もう四半世紀も前ですが、私の中学校では部活は必修でした(男子はできるだけ運動部)。部活は、正規のカリキュラムの外にある「課外活動(extracurricular activities)」という位置づけですが、全生徒にそれを課している学校も少なくないでしょう。
しかるに近年、部活の影の側面が認識されるようになってきました。活動が過重ではないかと。昨年の夏に、ベネッセが中高生の保護者を対象に実施した調査によると、夏休みの運動部の活動日数は「ほぼ毎日」という回答が4割だったそうです(週3~5日は3割)。また保護者の4割が、わが子の部活の活動日数は「多すぎる」ないしは「やや多い」と答えたとのこと。
度の過ぎた「しごき」も問題化しています。2013年の初頭、大阪府の公立高校で、バスケ部の顧問教員の体罰を苦に生徒が自殺する事件が起きたのは、記憶に新しいところです。
部活は生徒だけでなく、教員にとっても重荷になっています。平日の放課後はもちろん、休日も指導や引率をしないといけないのですから。日本の教員の長時間労働はよく知られていますが、部活指導がその原因となっていることは否めません。
OECDの国際教員調査(TALIS 2013)によると、わが国の中学校教員の平均勤務時間(週間)は53.9時間で、そのうち課外活動指導時間が7.7時間となっています。部活指導が勤務全体に占める割合は14.2%、およそ7分の1です。
われわれの感覚からすると「そんなものだろう」ですが、これは国際的にみると特異です。それをグラフでみてみましょう。横軸に総勤務時間、縦軸に課外活動指導時間をとった座標上に34か国を配置すると、図1のようになります。
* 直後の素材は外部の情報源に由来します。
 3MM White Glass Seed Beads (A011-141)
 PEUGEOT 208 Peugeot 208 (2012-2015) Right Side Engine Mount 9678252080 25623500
日本は、右上の外れた位置にあります。総勤務時間もトップですが、部活指導時間は群を抜いて長い。課外活動の指導時間は週1~2時間という国がほとんどで、フィンランドやスウェーデンといった北欧国ではほぼゼロです。これらの国では学校での「部活」という概念がなく、この種の活動は地域のスポーツクラブなどに委ねられています。